The cognitive limits of a Portfolio are going to be context specific, empirically determined through trying to run the Portfolio, it’s a qualitative rather than quantative metric.
Managing Across Portfolios
The starting point should be that Portfolios are completely independent of each other; there shouldn’t be a need to manage across Portfolios, they do everything they need to do themselves.
From a practical perspective, Managing across Portfolios is no different to managing collaborations anywhere else, negotiate changes into the other Portfolio/ART/Team backlog. The challenge is that other Portfolios, being other businesses, may have other priorities and other targets. The changes that you’d want them to make might not be high on their list of priorities. Think about whether you can do it yourself; remember, Portfolios should be running like independent businesses!
There may be good reasons why some things are shared, so cross-Portfolio collaboration may be an inevitability. Portfolio’s make investment decisions, a Portfolio could choose to invest in another Portfolio in order to secure the right to utilise capacity from the Portfolio being invested in and negotiate what that capacity is used for. The anti-pattern that can emerge is cross-charging between Portfolios for tiny little pieces of work; if the work between Portfolios is numerous and small then it’s another indication that the Portfolios have been badly instantiated.
Epics Across Portfolios
Sure, why not.
Epics span across Agile Release Trains, there is nothing that restricts those Agile Release Trains to being within the same Portfolio.
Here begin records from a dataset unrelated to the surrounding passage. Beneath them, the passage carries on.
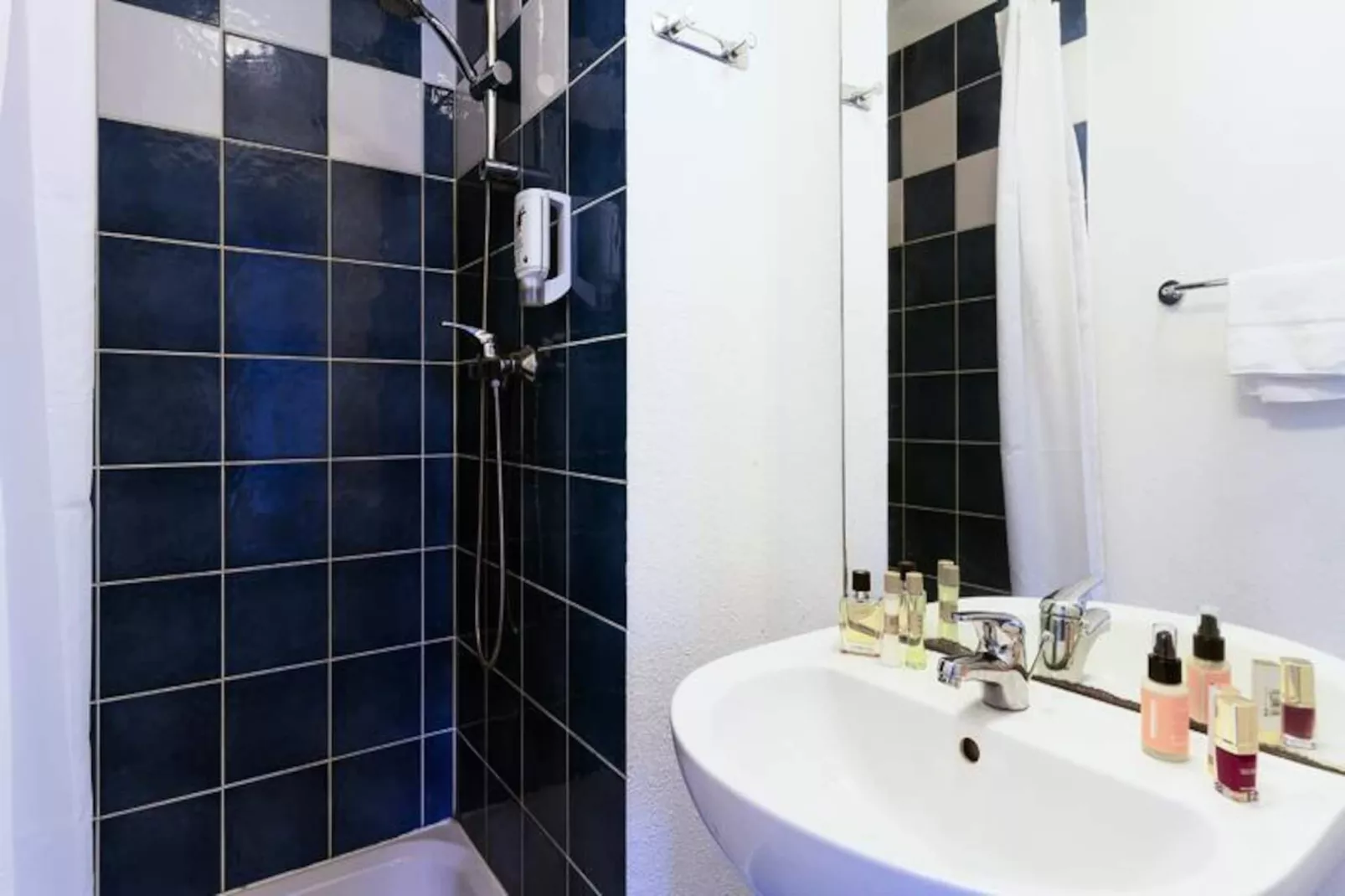 Appart'hôtel Garden & City Lyon - Lissieu 3*-Image-tags.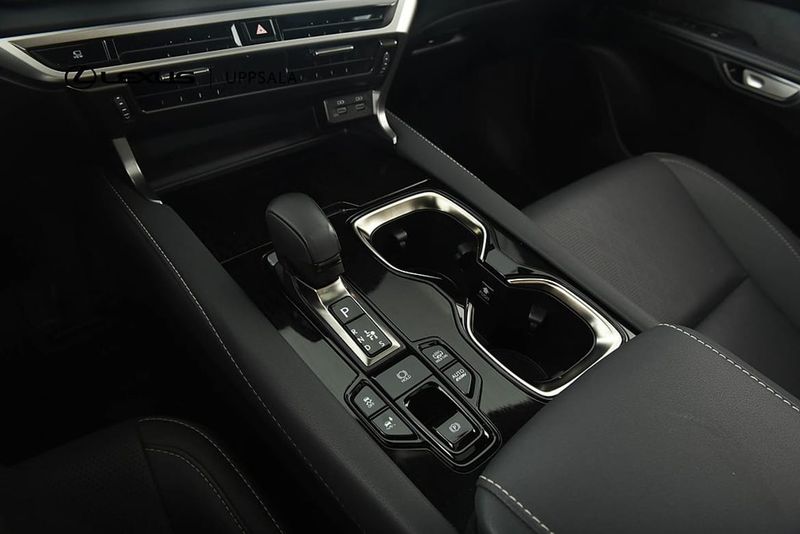 Lexus RX bild 16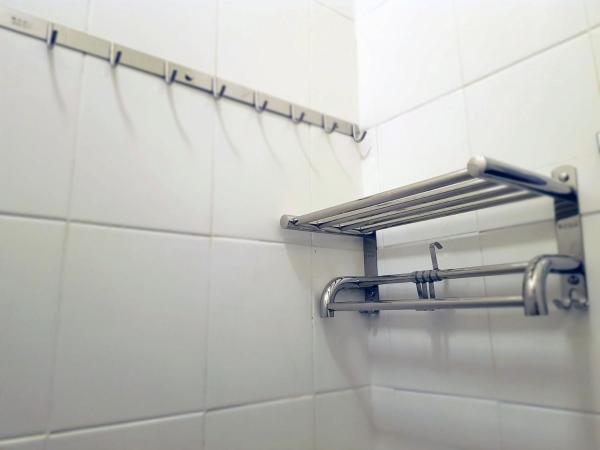 Teruntum 96 Guest house : photo 8 de la chambre chambre standard lit queen-size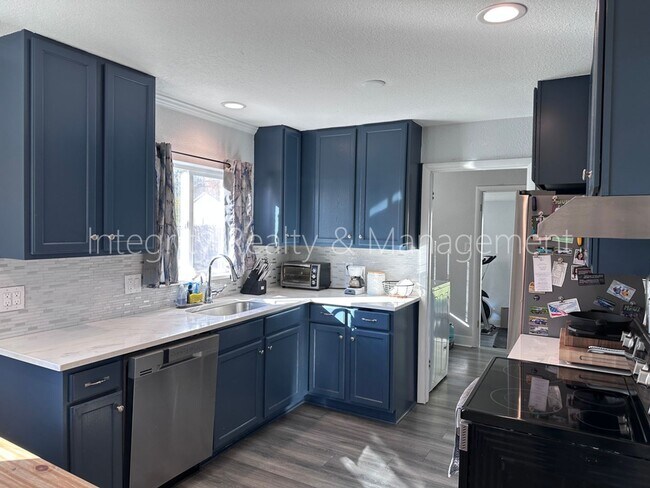 Foto del edificio - 901 S Alcott St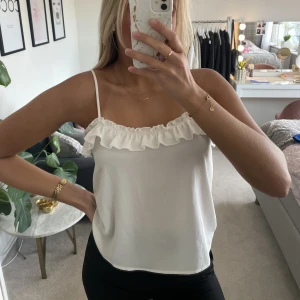 Fint linne - Så gulligt linne ifrån Mango i fint skick🌸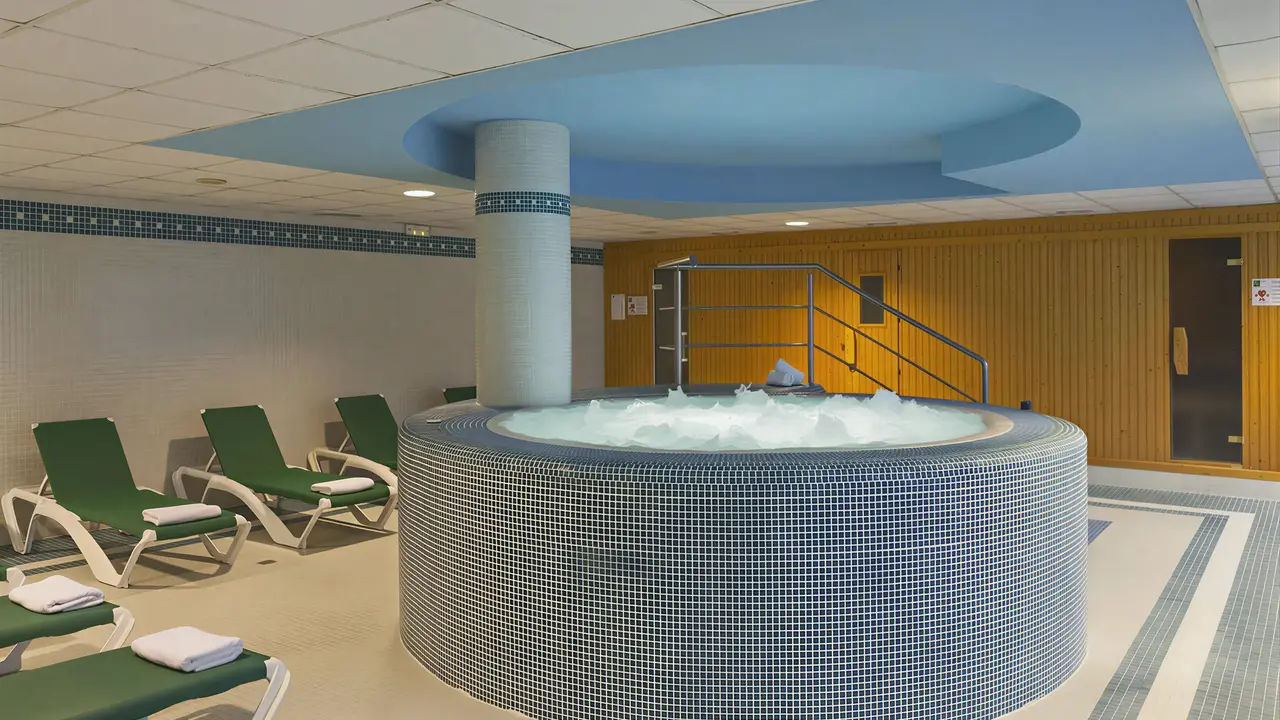 Strefa spa z jacuzzi w Dwo Sirius (Santa Susanna)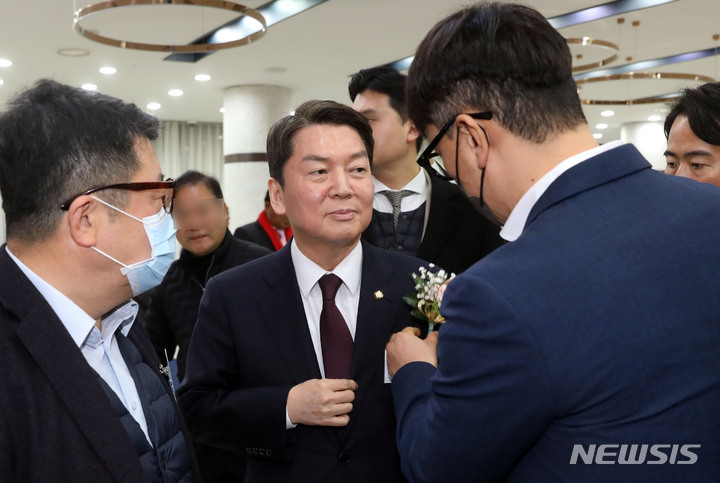 [부산=뉴시스] 하경민 기자 = 국민의힘 당권주자인 안철수 의원이 1일 부산 부산진구 부산상공회의소에서 열린 부산고등학교 총동창회 정기총회에 참석, 동문들과 인사하고 있다. 2023.02.01. yulnetphoto@newsis.com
Indeed, the SAFe setup of funding the Agile Release Trains and just flowing the work across the Agile Release Trains is ideally suited to this; there is no need to transfer money between Portfolios, just argue the value of the work and if it is valuable then it should get prioritised.
Epics could appear on the Portfolio Kanban Boards of two, or more, Portfolios. As work is done to progress the Epic then the representations of the Epics, the Post-Its™, on the Kanban Boards are moved forwards to reflect the progress and state of the work. The digital tools probably won’t like one thing being in two places at once but that’s a problem with the digital tools rather than the process.
The challenge is going to be if one Portfolio approves the Epic but another doesn’t, then what happens?
- Abandon the Epic if partial completion is not going to provide the results.
- Could the change be done by a single portfolio?
- Could the scope of the change be altered so that both portfolios are able to approve the Epic?
- Would deferring it help? Will capacity become available later?
- Could the funding of the Portfolio be increase to create capacity to do the Epic?
Ultimately, the wider organisation is going to need to understand the reason why one of the Portfolios did not approve the Epic.